━━━━━ Available data
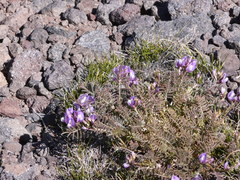 Astragalus cruckshanksii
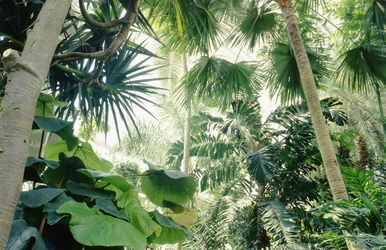 Vista interior de la Casa de las Palmas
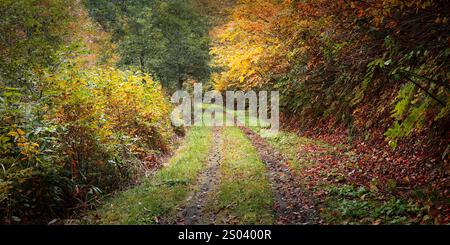 Pfad im Wald in Japan während der Herbstsaison Stockfoto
━━━━━━━━━━
**Instructions to follow:**
Where pictures occur in the material above, omit them and return everything else exactly.

**Result of the exercise:**
 Astragalus cruckshanksii
 Vista interior de la Casa de las Palmas
 Pfad im Wald in Japan während der Herbstsaison Stockfoto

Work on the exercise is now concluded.